If you’ve been accessing American Netflix from outside the UK, you will  most likely have been using a virtual private network (VPN) in order to make the Netflix servers mistakenly believe you are accessing from inside the country. It’s not the biggest crime anyone committed online, but it’s technically a “tiny bit dodgy.” Hola is one such VPN service and is a popular choice for people outside the U.S who want to watch American content. It also works the other way round with people from outside the U.K who want to access BBC iPlayer content. How does Hola work? Hola is a free VPN service and works much the same way as most other VPNs, with one crucial difference. In order to deliver the service for free, Hola uses your computer’s idle bandwidth to serve other users, instead of paying for and maintaining its own network of servers. It’s effectively a P2P VPN. That’s how it can offer the service without charging. So, when you’re accessing Netflix America, you’re being routed through a Hola user’s computer in America (probably while they’re at work or asleep, owing to the time differences). While you’re asleep, Hank from Arkansas is catching up on Eastenders. That way, neither you nor Hank have to pay to use Hola and you both get to watch the content you want, for free.

Hang on, that sounds fair enough. What’s the problem?

The problem is that Hola appears to have been flogging surplus bandwidth (yours and Hank’s idle computers) to a third party called Luminati. Unlike Hola, Luminati is more than a “tiny bit dodgy.” Using your computer (and poor old Hank’s) computer as an exit node, they’ve been carrying out botnet attacks across the Internet.

What’s a botnet attack?

It’s a means of raising an ‘army’ of computers to perform a specific, typically malicious attack.
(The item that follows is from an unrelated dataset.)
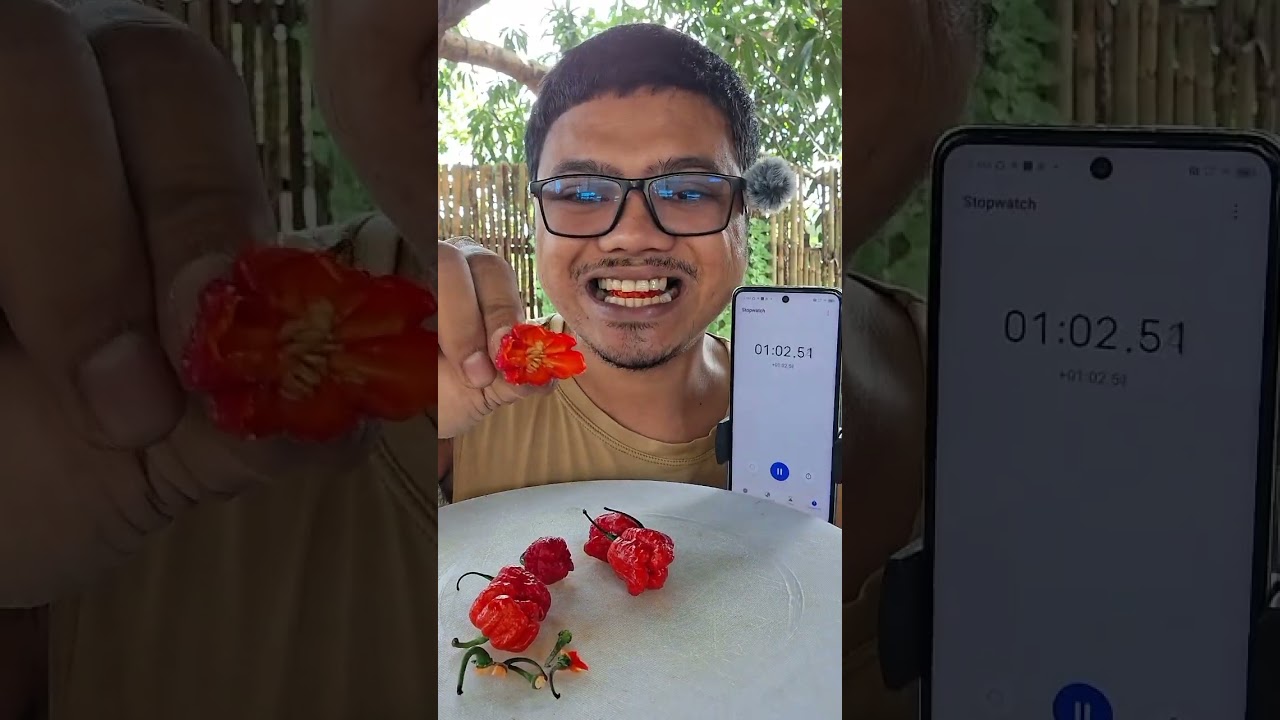 12 CAROLINA REAPER SA ISANG UPuan… DITO MALALAMAN KUNG SINO MATIBAY 😤🔥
For example, by forwarding massive amounts of spam or executing a distributed denial of service (Ddos) attack by having millions of computers all attempt to access a website at the same time, bringing it down and preventing the intended users from accessing it. Oh crap, so now what do I do? Uninstall Hola. Instructions for this vary according to your browser and operating system, but there’s plenty of info online to help you. Google is your friend here. Even if, as Hola has actually promised, they never let Luminati access your computer again, your machine remains compromised until you remove Hola. Once used as an exit node there is a chance that your computer may be hacked or used for spying purposes. Don’t take the risk. I really want to carry on watching American Netflix, what are my options? You can use a server-based VPN network, of which there are many options. The majority of providers offer a free tier but do not rely on P2P structures to route traffic. You might be absolutely bombarded with adverts, but at least you'll be safe. If you’re not keen on the free option anymore, you’re looking at around £30 a year to use a VPN. If you like the idea of sharing your spare bandwidth for good rather than evil, check out BOINIC from Berkley University in America. By signing up to this project, you don’t get American Netflix but you do get to provide spare CPU cycles from your machine to help researchers find cures for diseases, study climate change and generally do good work.